Yesterday, Pennsylvania’s Secretary of State gave notice that the GOP Senate primary is headed to a recount. She’ll make the recount official today, and it will start in earnest next week.

Former hedge fund executive David McCormick and celebrity doctor Mehmet Oz are separated by less than 1,000 votes, with Oz in front but by a margin well under the 0.5% threshold needed to avoid an automatic recount.

McCormick, in search of votes to close that gap, wants certain mail ballots to be counted despite small technical defects — a position that might seem ironic given Republican efforts to discredit mail ballots over the last few years. It has made those “undated” mail ballots a central focus of the legal and political fight — The Wall Street Journal editorial board called them “the new hanging chads.”

Undated mail ballots are ballots where voters failed to write a date next to their signature on the mailing envelope, as required under state law. But a federal appeals court ruling last week involving a 2021 Lehigh County judicial race said those ballots should count — which sent McCormick, Oz, and their legion of lawyers into a fight over whether they should be counted in this race.

Oz, in the lead and wanting to stay there, has argued undated ballots shouldn’t be counted. And he has the muscle of the Republican Party — state and national — behind him. Both the RNC and the state GOP have said it’s not about supporting Oz over McCormick, it’s about safeguarding the vote for this and future elections. Translation: Democrats, who vote by mail much more than Republicans, will do better in general elections if more mail ballots are counted — including in the 2024 presidential race.

It’s not surprising to see the GOP opposed to counting undated mail ballots. After all, Donald Trump repeatedly and falsely attacked mail voting in 2020, and Pennsylvania Republicans have been campaigning against it ever since. Doug Mastriano, the GOP nominee for governor, wants to repeal Act 77 — the 2019 law he voted for that greatly expanded mail voting.

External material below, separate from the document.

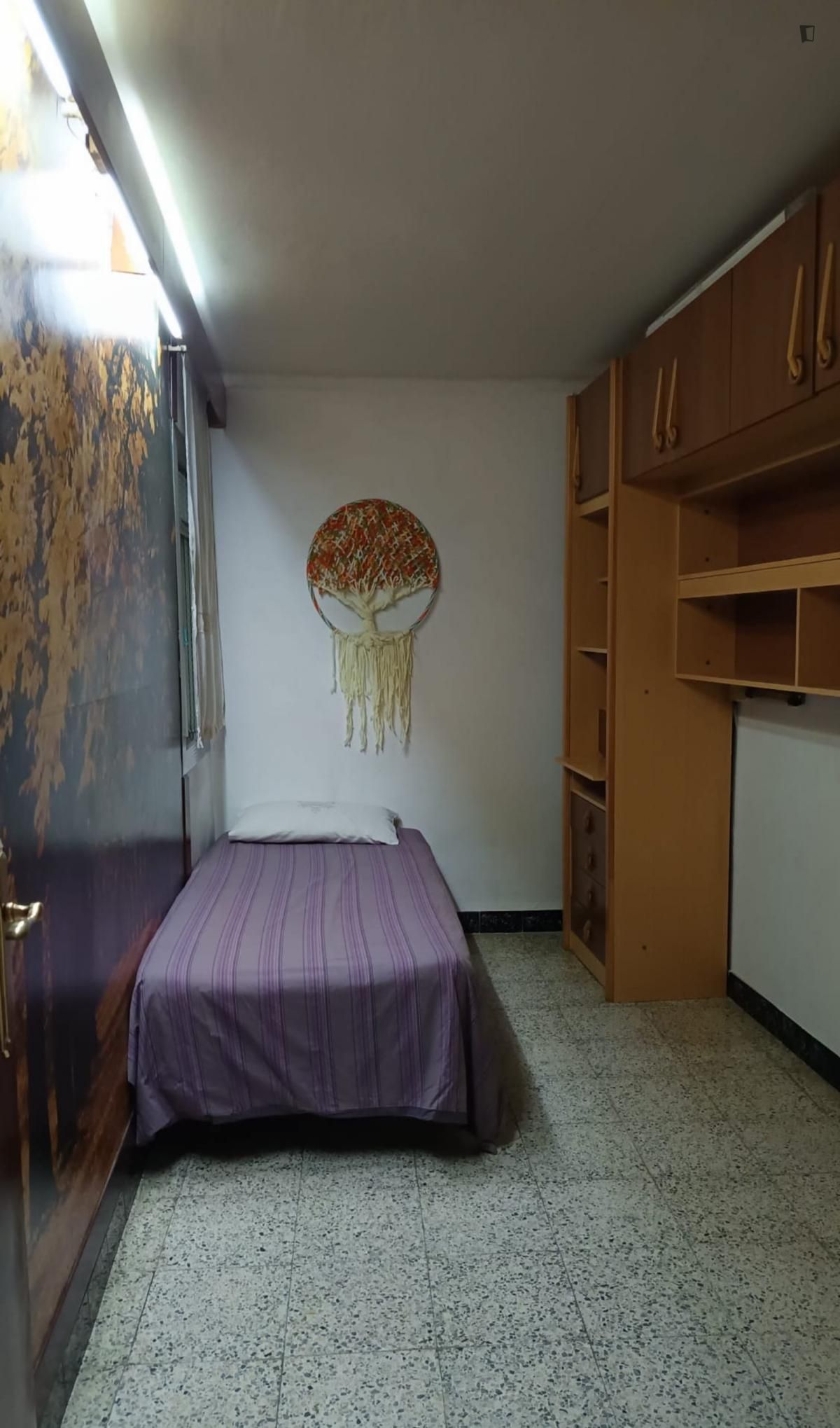 Dormitori de Apartament per a compartir en  Barcelona Capital amb Moblat, Forn i Rentadora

But it’s worth noting that plenty of Republicans clearly prefer voting by mail. About 172,000 GOP voters cast mail ballots in last week’s primary. Far more voted in person, but that’s hardly an insignificant number.

And while Democrats vote by mail in far greater numbers — Democratic gubernatorial nominee Josh Shapiro got more than 500,000 mail votes — that’s not an inevitability. Before Trump started attacking mail ballots, Republicans in other states like Florida and Utah were known for investing heavily in absentee voting programs.

So the partisan asymmetry is a political choice, not a law of nature.

And now, more of your questions about recounts answered, courtesy of our colleague and resident election administration expert Jonathan Lai:

Can a recount change things?

Yes. The numbers will almost certainly shift a bit during a recount. This is a normal part of a recount process, and it’s part of why recounts happen. There’s a very small amount of error in counting votes because voters don’t submit perfectly clean, precisely filled-out ballots. When the results are close enough that the errors can matter, we go to a recount.

It’s a normal part of the process, not fraud. So far, neither campaign has alleged any shenanigans in the race, a stark departure from 2020 when Trump prematurely and wrongly declared victory.

When will it be complete?

The recount must be scheduled to begin by the third Wednesday after election day, which in this case would be June 1.

The recount would need to be complete by noon the following Tuesday, or June 7.

Counties have to submit recount results to the Department of State by noon the next day, or June 8, and the secretary of state then publishes the results.

So we should have a winner on or around June 8.

Overheard on the campaign trail

“The people took on the corporations, and the people won.”

—State Rep. Summer Lee, who won a razor-thin Democratic primary in the Pittsburgh-based 12th Congressional District, all but assuring she’ll be the first Black woman elected to Congress from Pennsylvania.

Thanks for tuning in. We’ll be back after the long weekend!